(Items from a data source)
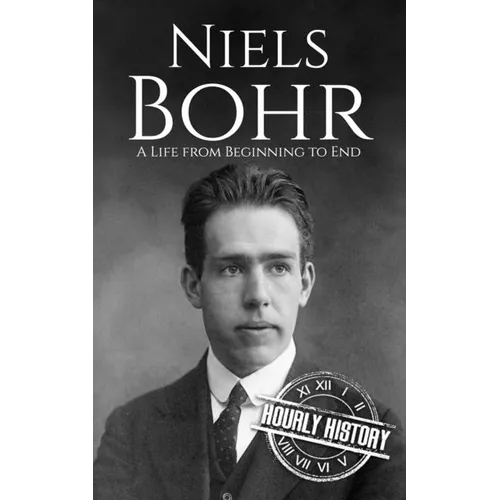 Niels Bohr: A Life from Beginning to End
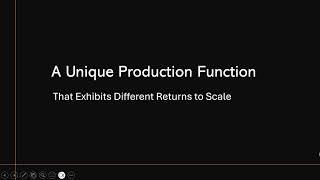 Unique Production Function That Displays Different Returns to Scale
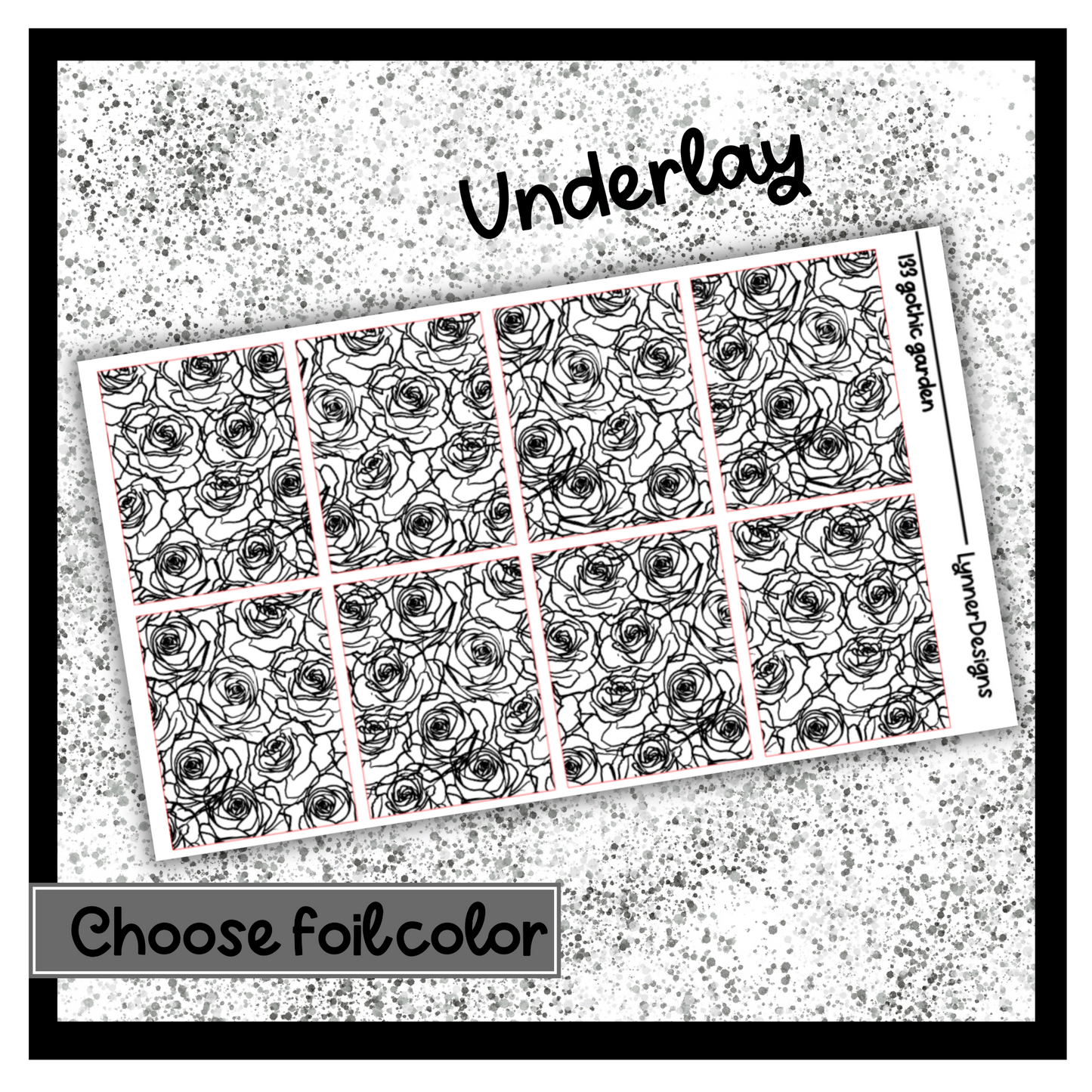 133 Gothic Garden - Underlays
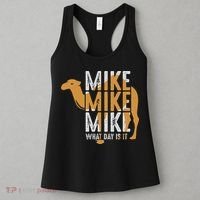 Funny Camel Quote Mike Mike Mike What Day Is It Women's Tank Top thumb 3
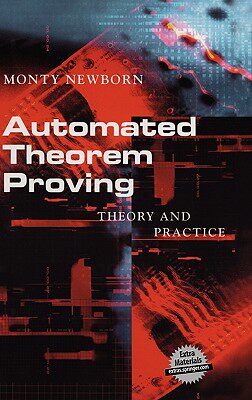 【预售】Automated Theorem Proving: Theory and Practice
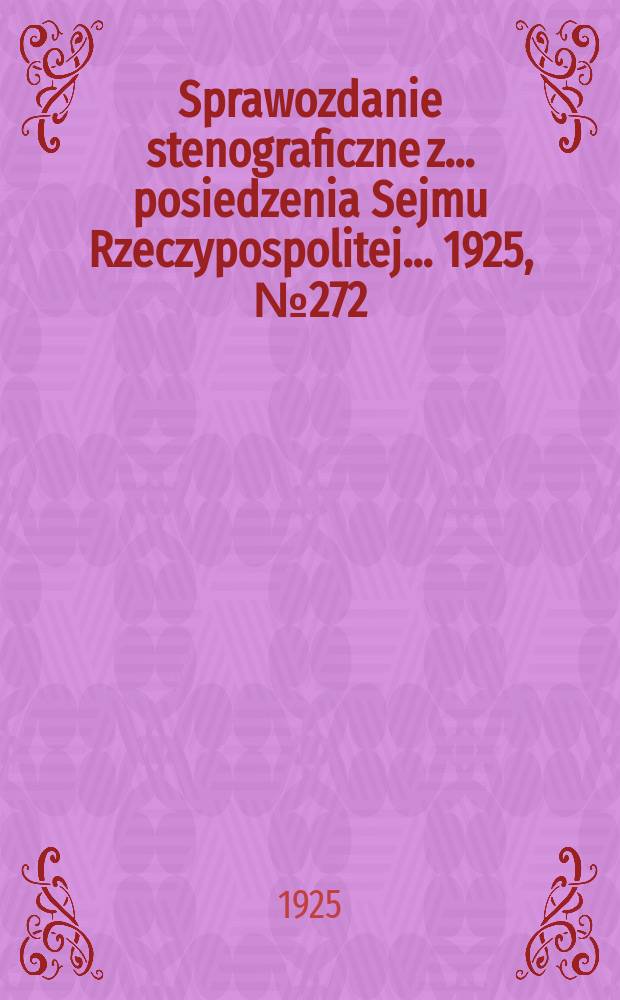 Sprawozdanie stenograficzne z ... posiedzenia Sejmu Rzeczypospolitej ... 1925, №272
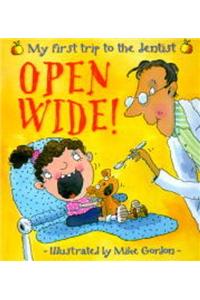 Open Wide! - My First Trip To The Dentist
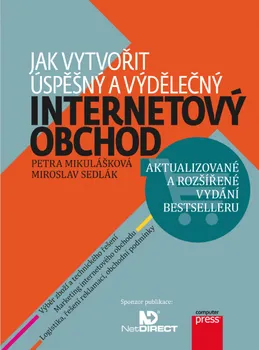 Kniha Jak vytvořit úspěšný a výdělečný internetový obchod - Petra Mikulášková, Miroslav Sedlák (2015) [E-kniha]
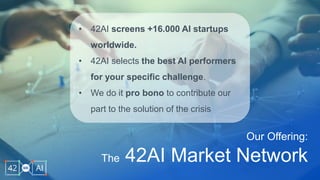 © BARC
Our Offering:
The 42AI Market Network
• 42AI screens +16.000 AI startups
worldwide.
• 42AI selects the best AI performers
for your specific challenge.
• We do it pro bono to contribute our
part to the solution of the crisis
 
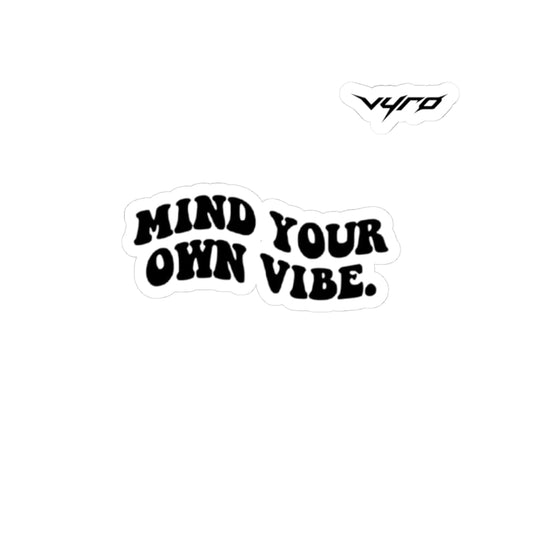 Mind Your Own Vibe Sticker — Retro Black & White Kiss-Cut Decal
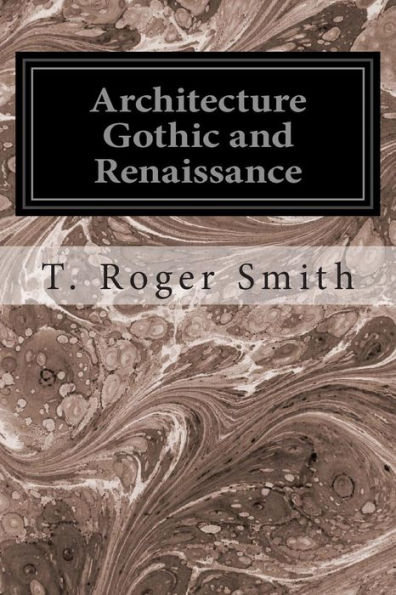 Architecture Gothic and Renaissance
--
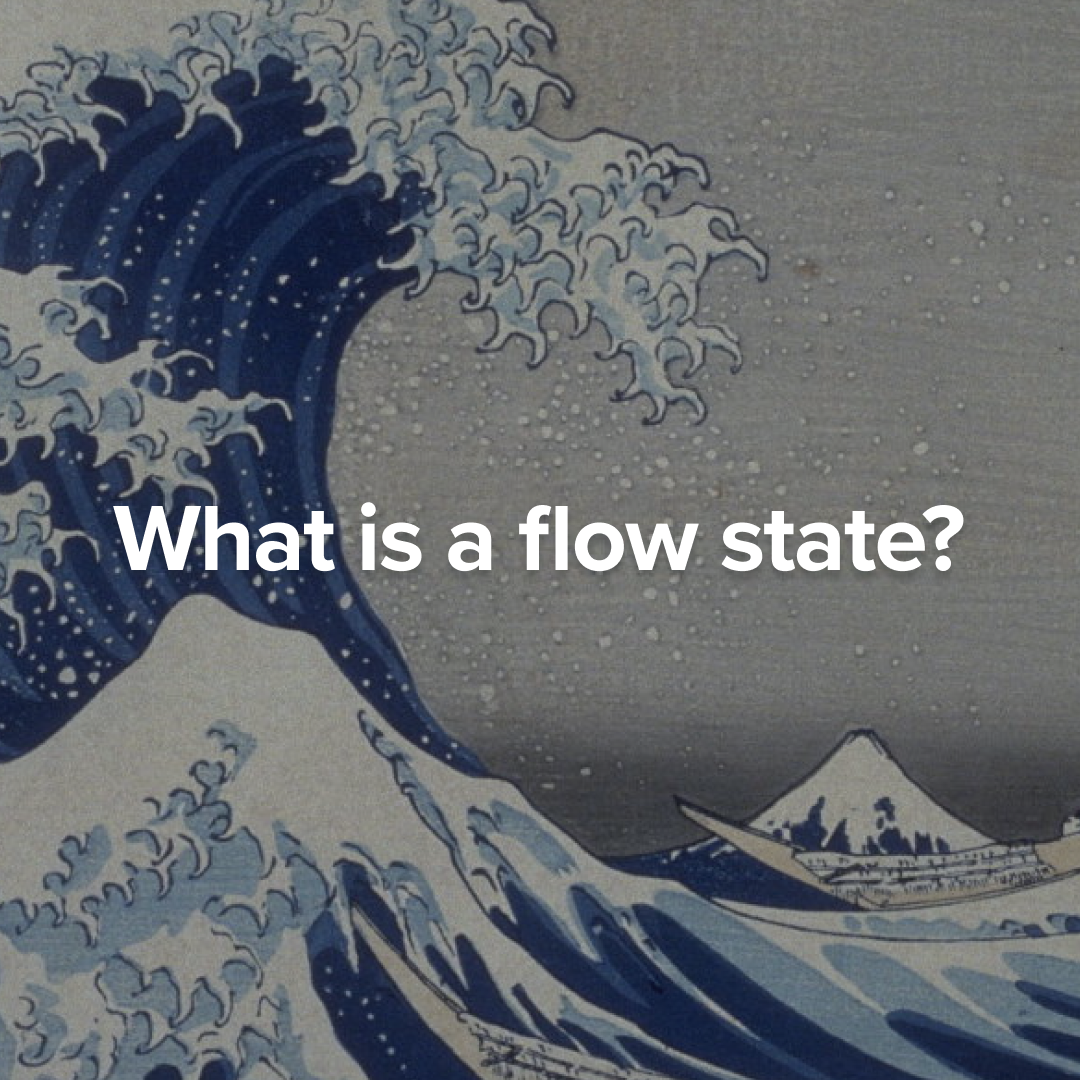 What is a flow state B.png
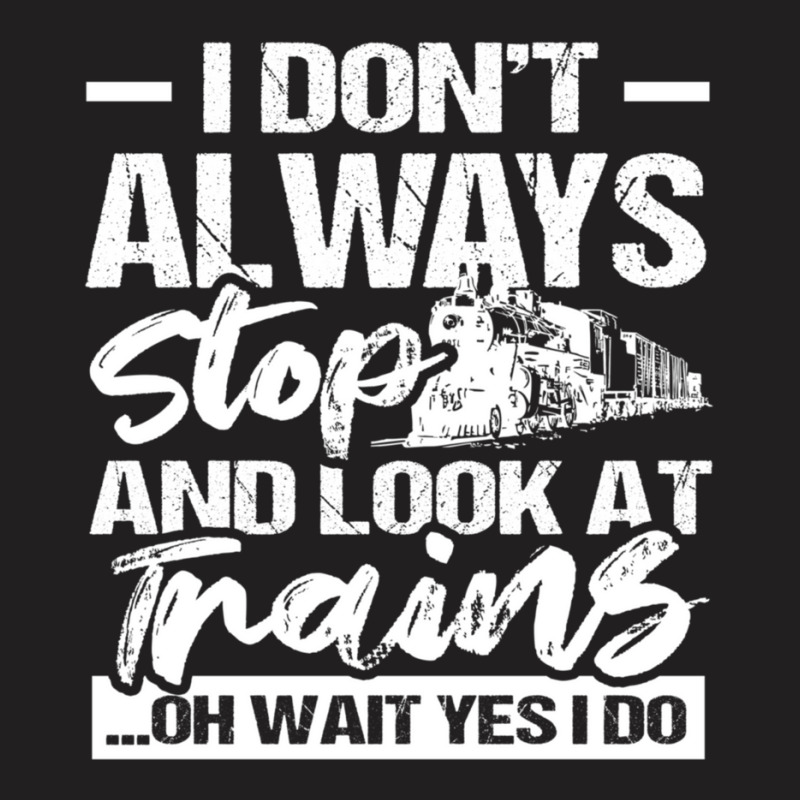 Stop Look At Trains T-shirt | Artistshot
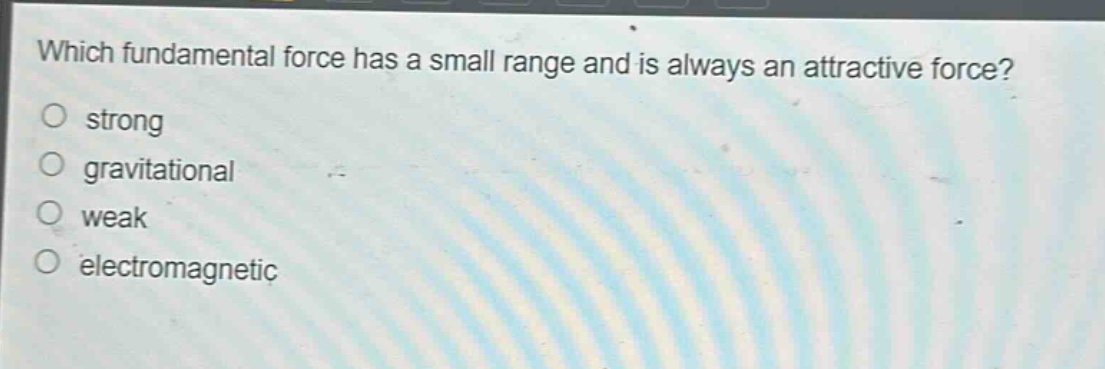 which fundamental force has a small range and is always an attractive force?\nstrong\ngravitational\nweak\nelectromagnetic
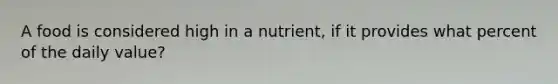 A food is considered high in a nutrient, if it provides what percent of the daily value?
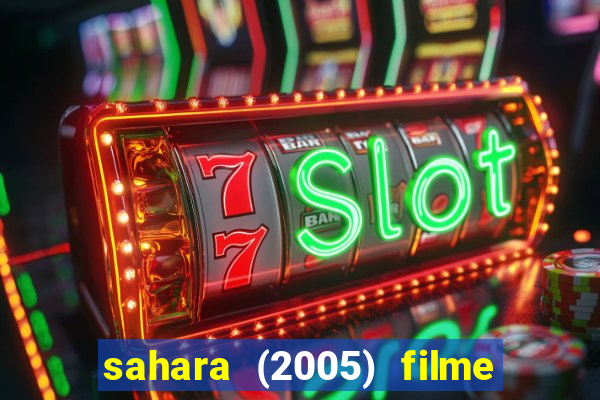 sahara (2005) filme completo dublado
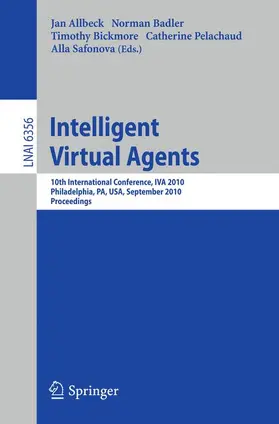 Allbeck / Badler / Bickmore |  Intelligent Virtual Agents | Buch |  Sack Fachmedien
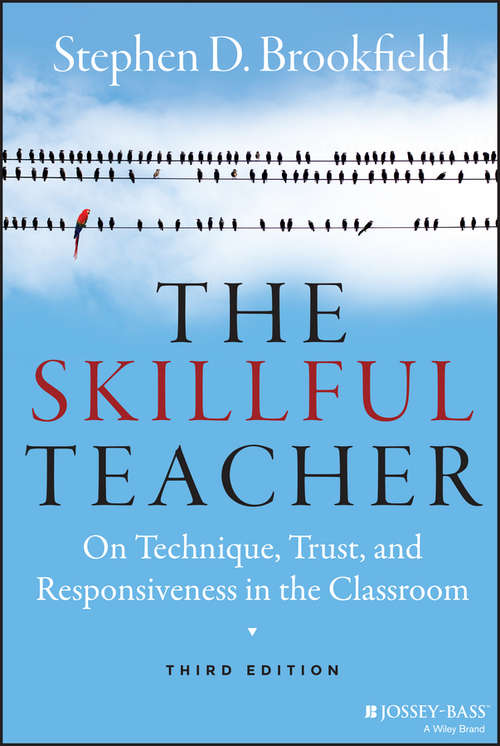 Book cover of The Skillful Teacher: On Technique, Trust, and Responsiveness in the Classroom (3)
==
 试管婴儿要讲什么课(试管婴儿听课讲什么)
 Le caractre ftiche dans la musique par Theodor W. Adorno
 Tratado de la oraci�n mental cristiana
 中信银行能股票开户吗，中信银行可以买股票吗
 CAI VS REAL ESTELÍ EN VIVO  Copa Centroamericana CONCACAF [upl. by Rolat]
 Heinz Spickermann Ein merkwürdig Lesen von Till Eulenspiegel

# [Exercise requirements]
Each line from the one that contains "sahara (2005) filme completo dublado" down to the one that contains "Book cover of" is to be returned exactly as it stands above, both ends included, with pictures removed.

# [Answer to the exercise]
 sahara (2005) filme completo dublado
 Allbeck / Badler / Bickmore |  Intelligent Virtual Agents | Buch |  Sack Fachmedien
 Book cover of The Skillful Teacher: On Technique, Trust, and Responsiveness in the Classroom (3)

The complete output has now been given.